==== Data for the task ====

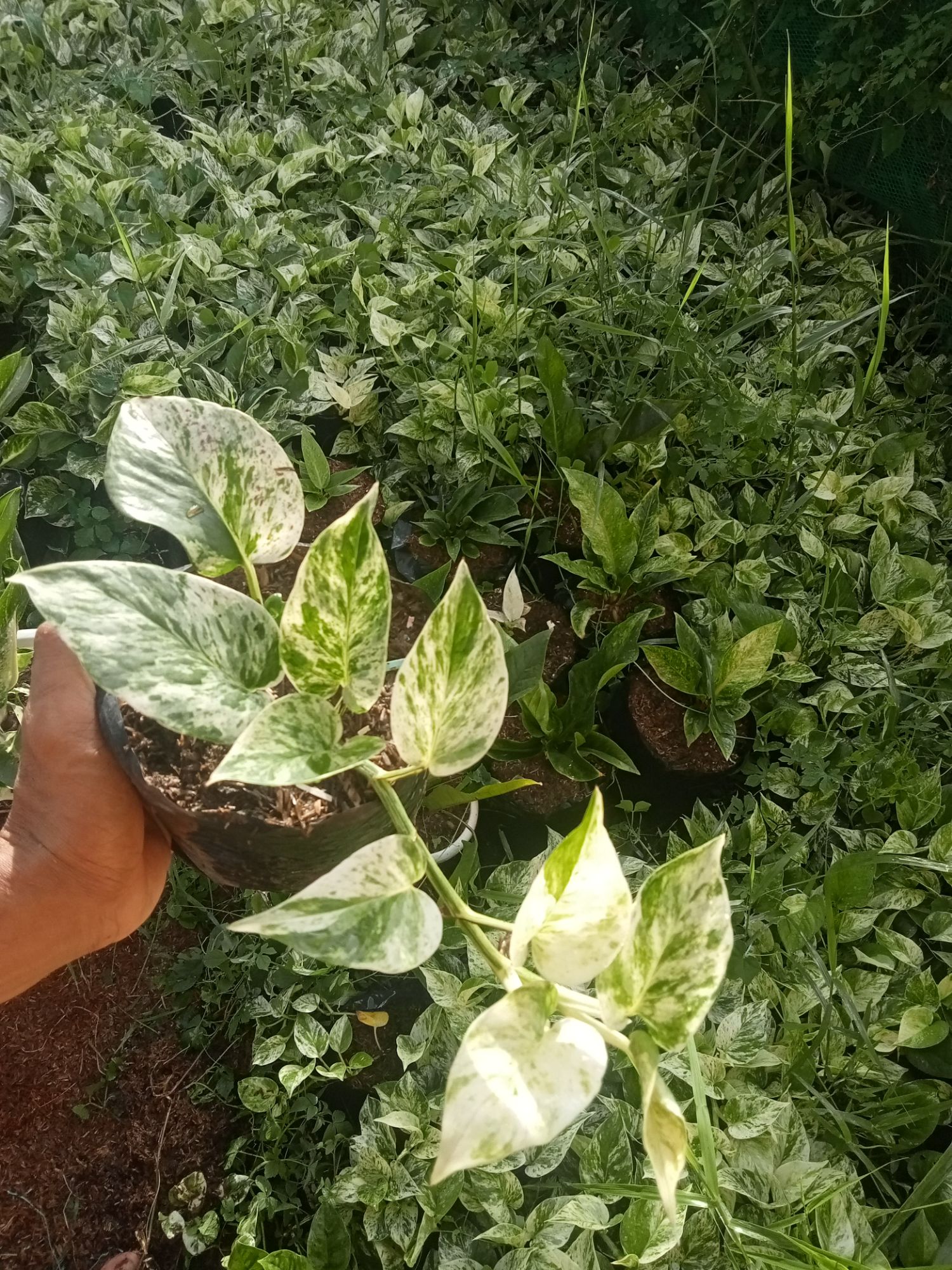 pothos Njoy marble air purifier Lazada PH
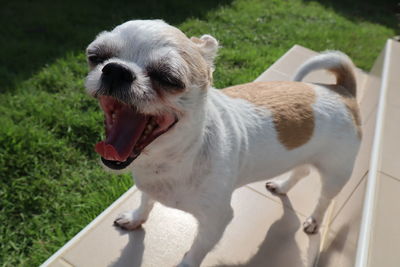 Close-up of a dog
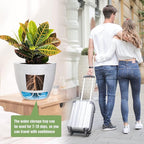 10/9/8 inch Self Watering Pots - Image 7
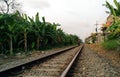 Railway Train at my backyard.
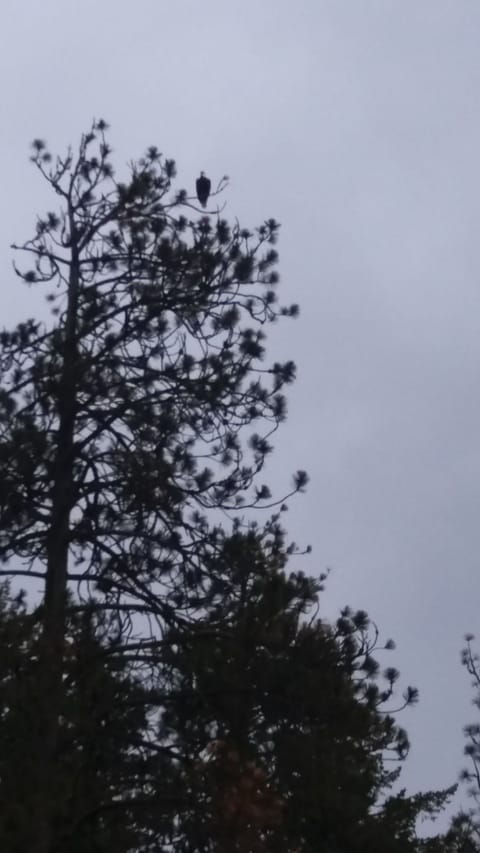 Eagles at CoeurdAlene lake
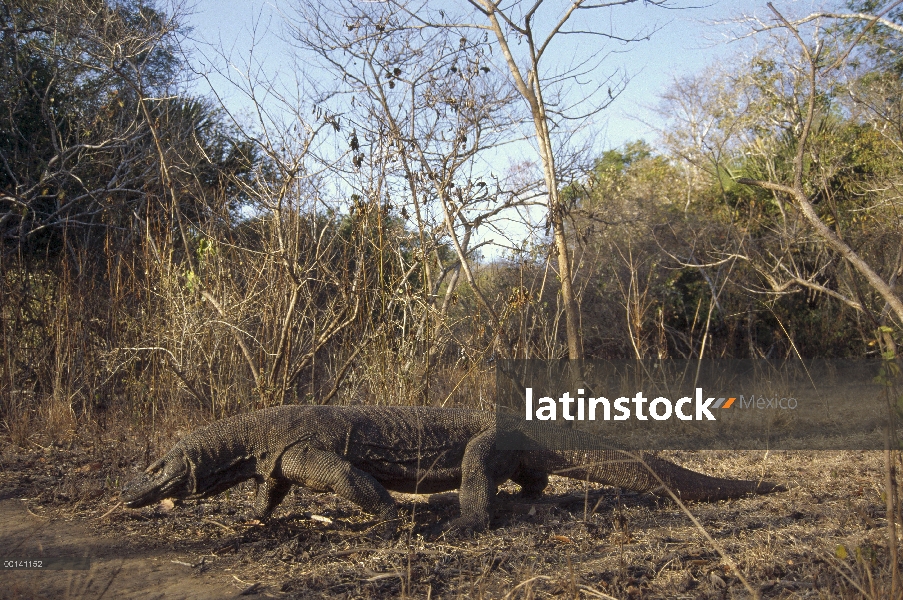 Dragón de Komodo (komodoensis de Varanus) patrullas regulares locales a través del bosque de la monz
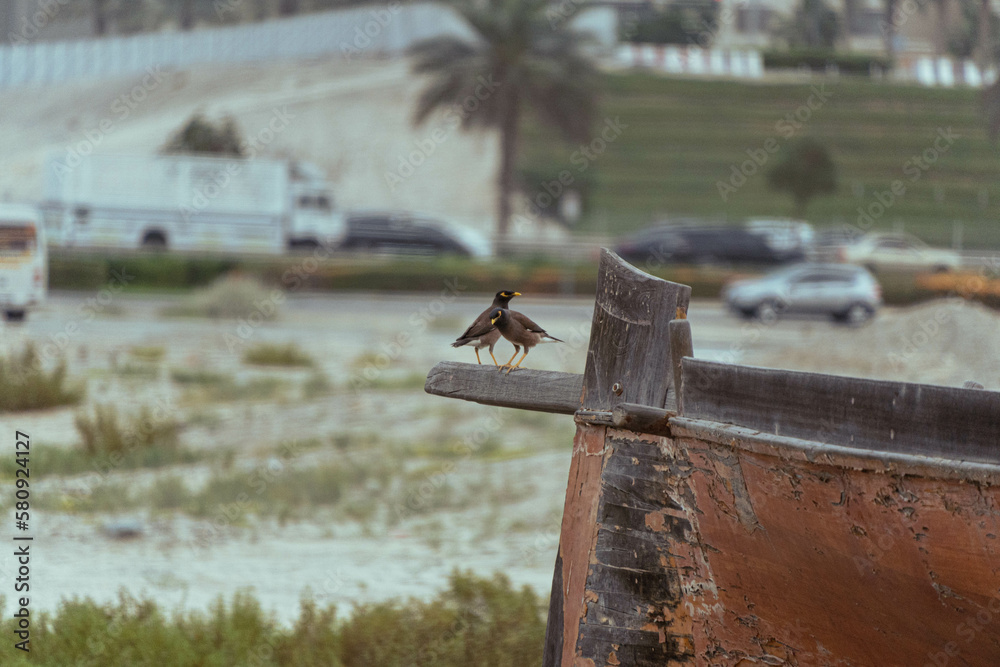 Fototapeta premium old rusty boat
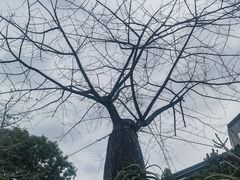 -中国科学院华南植物园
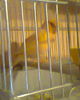 Fotogr.0074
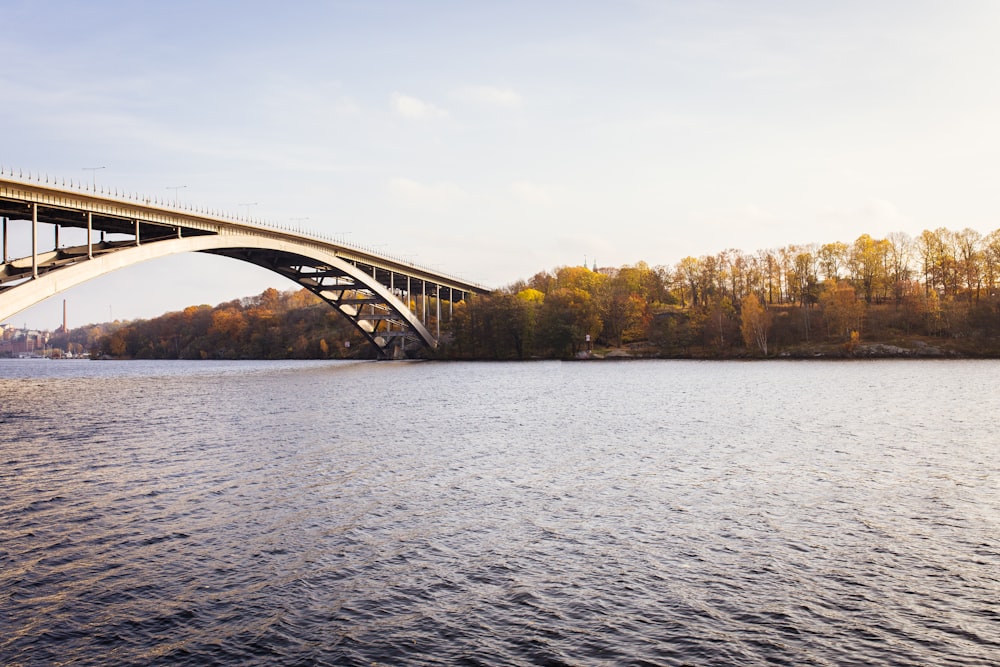 body of water under of walk bridge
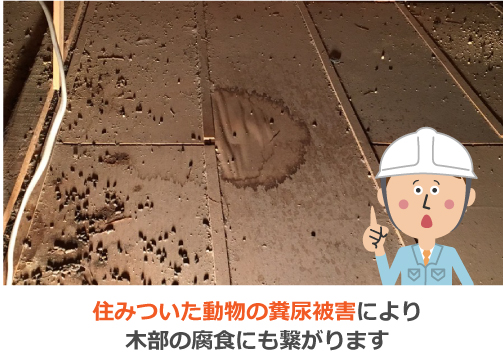 動物の糞尿被害にあった小屋裏 動物の糞尿被害にあった小屋裏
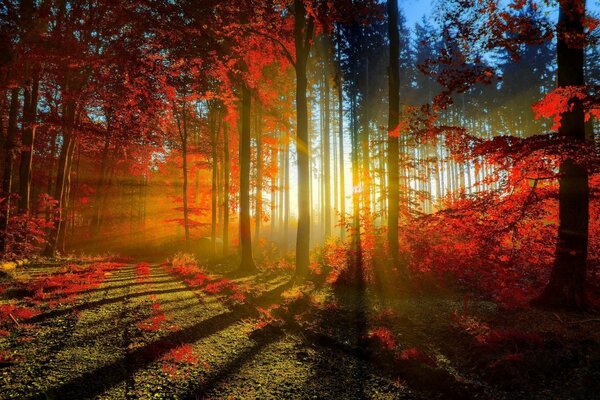 Kırmızı yaprakları olan ağaçlar ve sonbahar güneşinin sis içinden geçen ışınları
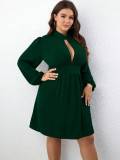 Slim Waist Chic Solid Color Long Sleeve Sexy Hollow Plus Size Women's Dress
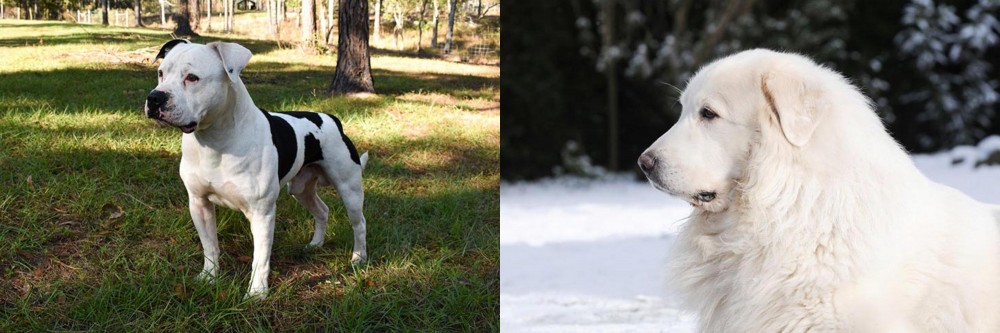 Great Pyrenees vs American Bulldog - Breed Comparison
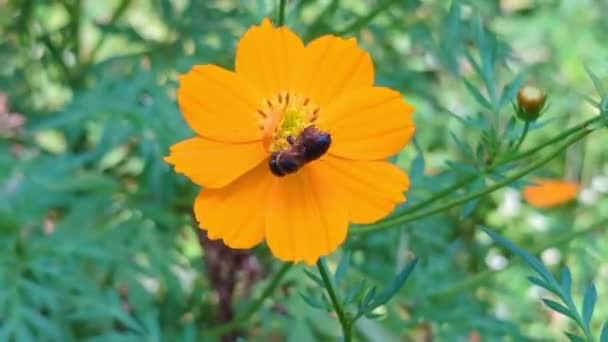 Μια Μικρή Μέλισσα Αιωρείται Γύρω Από Ένα Πορτοκαλί Λουλούδι Ψάχνοντας — Αρχείο Βίντεο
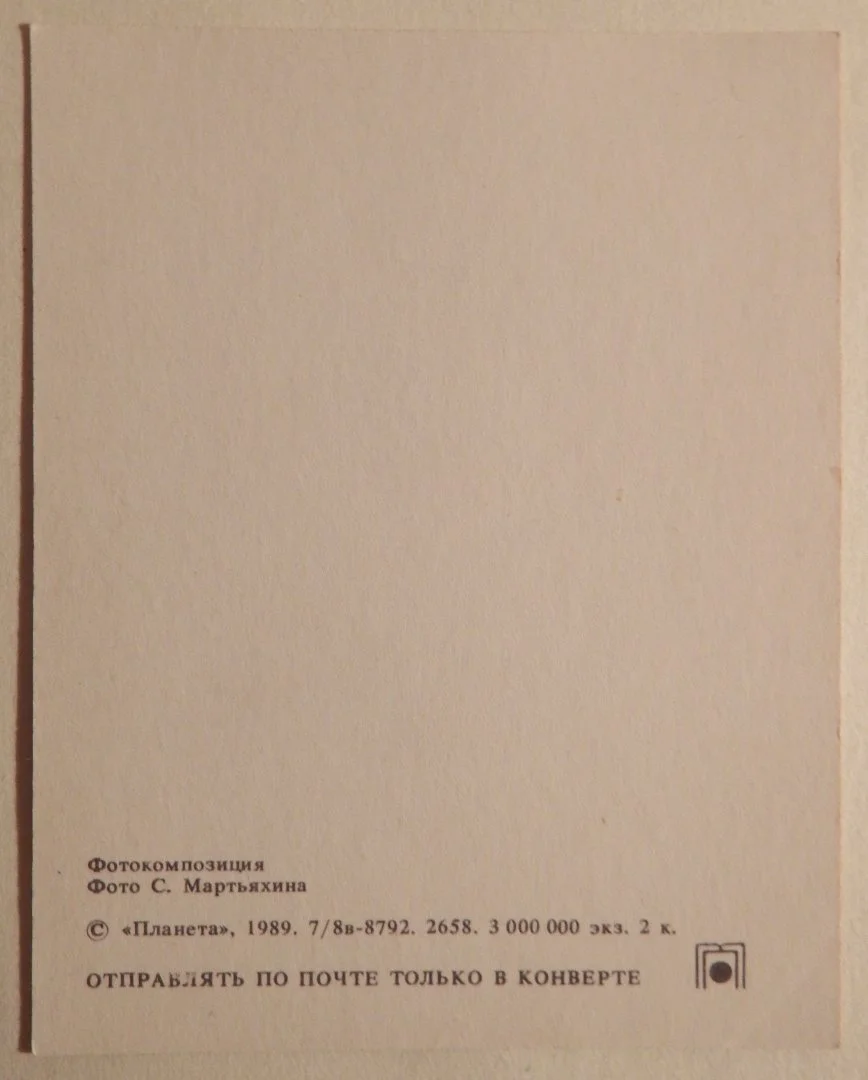 Мини-открытка. Цветочная композиция. Гвоздики. Цветы. 1989 год - миниатюра 2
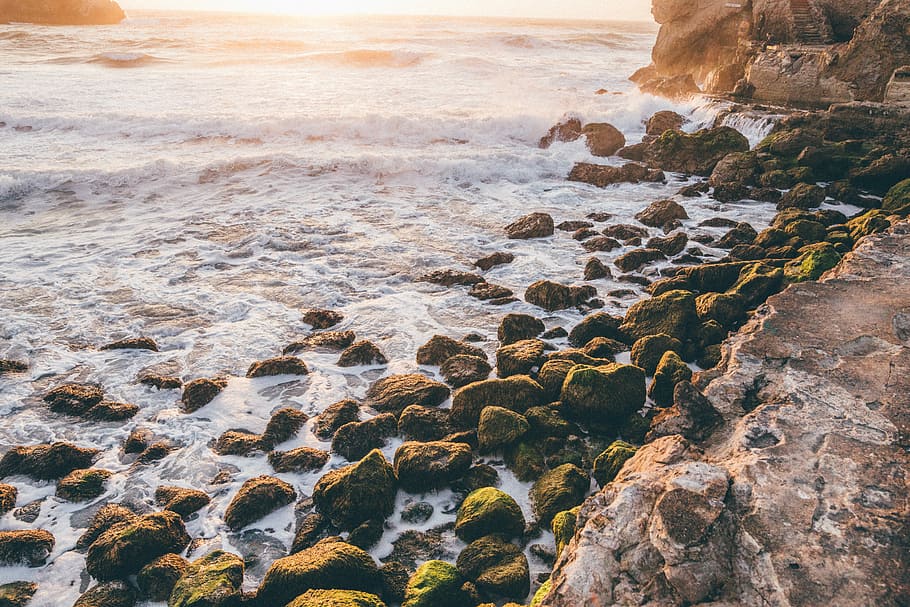 seashore, brown rock in shoreline photography, water, ocean, stone HD wallpaper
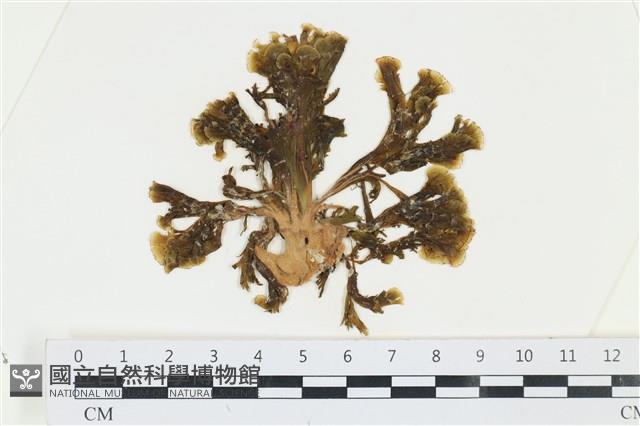 多扇藻藏品圖，第1張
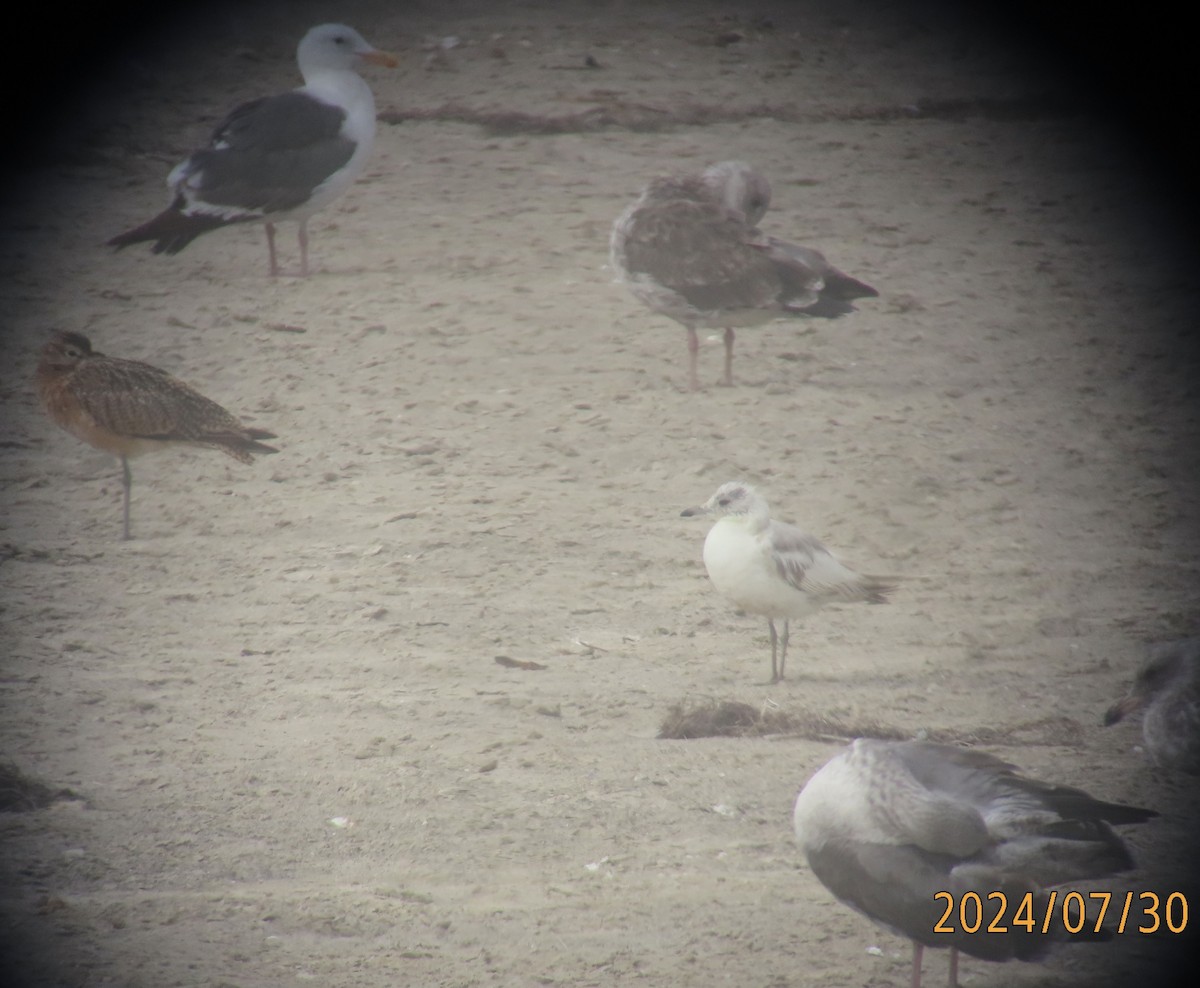 Short-billed Gull - Mark Holmgren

====

[Description of the task]: Transcribe each entry above without alteration, but keep the pictures out.

[The answer]:
 pothos Njoy marble air purifier Lazada PH
 Close-up of a dog
 10/9/8 inch Self Watering Pots - Image 7
 Railway Train at my backyard.
 Eagles at CoeurdAlene lake
 Dragón de Komodo (komodoensis de Varanus) patrullas regulares locales a través del bosque de la monz
 Fototapeta premium old rusty boat
 -中国科学院华南植物园
 Fotogr.0074
 body of water under of walk bridge
 動物の糞尿被害にあった小屋裏 動物の糞尿被害にあった小屋裏
 Kırmızı yaprakları olan ağaçlar ve sonbahar güneşinin sis içinden geçen ışınları
 Slim Waist Chic Solid Color Long Sleeve Sexy Hollow Plus Size Women's Dress
 Great Pyrenees vs American Bulldog - Breed Comparison
 Μια Μικρή Μέλισσα Αιωρείται Γύρω Από Ένα Πορτοκαλί Λουλούδι Ψάχνοντας — Αρχείο Βίντεο
 Мини-открытка. Цветочная композиция. Гвоздики. Цветы. 1989 год - миниатюра 2
 seashore, brown rock in shoreline photography, water, ocean, stone HD wallpaper
 多扇藻藏品圖，第1張
 Short-billed Gull - Mark Holmgren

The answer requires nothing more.